To state that this black squid ink pasta is expensive is an understatement. At £3,75 per 500g it is expensive. These days, you can get some decent spaghetti for about £0,50 per 500g, so being 7.5 times more expensive this black squid ink pasta should really deliver.
Or is it a fad, a novelty, something more for the show than taste? I’ve kept the recipe simple, so I can try to taste the difference in the spaghetti.
- 100g black squid ink pasta (spaghetti)
- 3pcs baby squid (cleaned)
- 3 garlic gloves
- 2 spoons good olive oil
- salt & black pepper
- Boil the pasta according to the package instructions. Keep them as "al dente" or boil them as soft as you want really.

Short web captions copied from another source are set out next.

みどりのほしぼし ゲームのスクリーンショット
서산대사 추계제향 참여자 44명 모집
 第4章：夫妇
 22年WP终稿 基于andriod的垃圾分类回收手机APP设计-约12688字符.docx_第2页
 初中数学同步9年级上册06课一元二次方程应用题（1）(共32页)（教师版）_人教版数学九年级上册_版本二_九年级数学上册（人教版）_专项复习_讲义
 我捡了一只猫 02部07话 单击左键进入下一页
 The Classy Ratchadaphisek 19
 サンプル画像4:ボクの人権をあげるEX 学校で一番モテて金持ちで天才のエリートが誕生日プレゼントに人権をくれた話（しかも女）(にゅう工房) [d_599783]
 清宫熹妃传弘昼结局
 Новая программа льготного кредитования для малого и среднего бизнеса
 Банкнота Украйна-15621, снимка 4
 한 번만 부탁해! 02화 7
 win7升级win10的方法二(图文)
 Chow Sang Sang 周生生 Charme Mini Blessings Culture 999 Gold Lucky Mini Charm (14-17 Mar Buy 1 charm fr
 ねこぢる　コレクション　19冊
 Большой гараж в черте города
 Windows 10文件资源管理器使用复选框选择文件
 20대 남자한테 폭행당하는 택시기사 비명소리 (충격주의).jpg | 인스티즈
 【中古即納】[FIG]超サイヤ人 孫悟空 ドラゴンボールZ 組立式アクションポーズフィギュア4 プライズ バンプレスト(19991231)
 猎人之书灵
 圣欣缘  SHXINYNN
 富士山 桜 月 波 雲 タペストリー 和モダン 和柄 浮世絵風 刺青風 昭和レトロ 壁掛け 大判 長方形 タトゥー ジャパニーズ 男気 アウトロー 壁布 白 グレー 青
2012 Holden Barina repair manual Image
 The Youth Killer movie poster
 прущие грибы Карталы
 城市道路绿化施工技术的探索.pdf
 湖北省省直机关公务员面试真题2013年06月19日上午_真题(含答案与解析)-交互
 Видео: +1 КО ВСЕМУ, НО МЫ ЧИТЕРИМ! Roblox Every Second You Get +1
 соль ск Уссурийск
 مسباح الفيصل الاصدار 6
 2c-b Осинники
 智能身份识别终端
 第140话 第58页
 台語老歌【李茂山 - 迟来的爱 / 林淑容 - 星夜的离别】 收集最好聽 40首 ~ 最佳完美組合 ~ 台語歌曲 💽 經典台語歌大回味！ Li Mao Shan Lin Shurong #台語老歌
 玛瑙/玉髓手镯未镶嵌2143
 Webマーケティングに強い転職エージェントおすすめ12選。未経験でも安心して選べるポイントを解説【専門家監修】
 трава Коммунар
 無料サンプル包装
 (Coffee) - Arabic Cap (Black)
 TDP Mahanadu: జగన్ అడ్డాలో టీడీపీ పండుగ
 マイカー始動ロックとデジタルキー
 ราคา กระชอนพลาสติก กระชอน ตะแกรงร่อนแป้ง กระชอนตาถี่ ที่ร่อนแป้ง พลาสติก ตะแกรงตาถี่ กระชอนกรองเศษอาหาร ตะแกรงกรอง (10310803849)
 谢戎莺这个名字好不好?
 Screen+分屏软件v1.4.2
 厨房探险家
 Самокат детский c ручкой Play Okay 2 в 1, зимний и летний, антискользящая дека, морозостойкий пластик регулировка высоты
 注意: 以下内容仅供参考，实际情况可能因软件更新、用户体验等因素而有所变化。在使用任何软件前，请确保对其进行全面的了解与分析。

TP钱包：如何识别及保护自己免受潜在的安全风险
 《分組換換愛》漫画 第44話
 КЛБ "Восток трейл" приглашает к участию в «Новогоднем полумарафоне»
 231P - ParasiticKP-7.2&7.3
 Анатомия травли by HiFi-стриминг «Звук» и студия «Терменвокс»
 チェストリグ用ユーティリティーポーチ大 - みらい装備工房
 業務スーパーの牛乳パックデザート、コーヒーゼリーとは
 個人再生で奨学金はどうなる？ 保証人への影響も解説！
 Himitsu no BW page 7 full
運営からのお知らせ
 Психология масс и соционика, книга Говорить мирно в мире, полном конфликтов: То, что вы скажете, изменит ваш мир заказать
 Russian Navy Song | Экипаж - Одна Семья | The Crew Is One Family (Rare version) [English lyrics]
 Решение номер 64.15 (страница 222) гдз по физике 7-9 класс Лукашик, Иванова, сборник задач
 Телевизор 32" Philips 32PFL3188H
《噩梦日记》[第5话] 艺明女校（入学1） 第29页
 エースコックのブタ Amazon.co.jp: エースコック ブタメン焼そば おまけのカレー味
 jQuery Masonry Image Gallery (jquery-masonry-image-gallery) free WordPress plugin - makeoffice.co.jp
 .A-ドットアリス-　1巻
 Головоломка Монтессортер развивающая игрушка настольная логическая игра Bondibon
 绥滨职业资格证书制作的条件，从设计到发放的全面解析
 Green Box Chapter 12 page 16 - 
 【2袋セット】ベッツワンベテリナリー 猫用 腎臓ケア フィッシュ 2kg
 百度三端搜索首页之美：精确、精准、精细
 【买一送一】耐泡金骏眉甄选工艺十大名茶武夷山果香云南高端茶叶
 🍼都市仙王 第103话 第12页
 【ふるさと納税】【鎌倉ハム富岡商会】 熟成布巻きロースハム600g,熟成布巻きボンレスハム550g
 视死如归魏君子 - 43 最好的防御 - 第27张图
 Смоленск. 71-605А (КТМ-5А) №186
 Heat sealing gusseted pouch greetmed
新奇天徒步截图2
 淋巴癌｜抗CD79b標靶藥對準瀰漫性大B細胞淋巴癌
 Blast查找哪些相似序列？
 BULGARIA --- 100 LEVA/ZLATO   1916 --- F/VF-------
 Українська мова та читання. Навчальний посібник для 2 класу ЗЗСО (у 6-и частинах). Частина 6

- Heat up the olive oil in a small pan and add the thinly sliced garlic, fry on a small heat until they start to catch on colour.
- Grill the baby squid, on a very hot griddle pan or bbq for 1 max 2 minutes on each side.
- Season with salt and pepper.
- Mix the oil and garlic with the hot black squid ink pasta, add the grilled squid and serve.
Tastewise? I’m not sure. I’ll give them another chance since I still have more than half a pack left. But at first impressions, I wasn’t too impressed. At least not 7.5 times more impressed than a decent pack of spaghetti.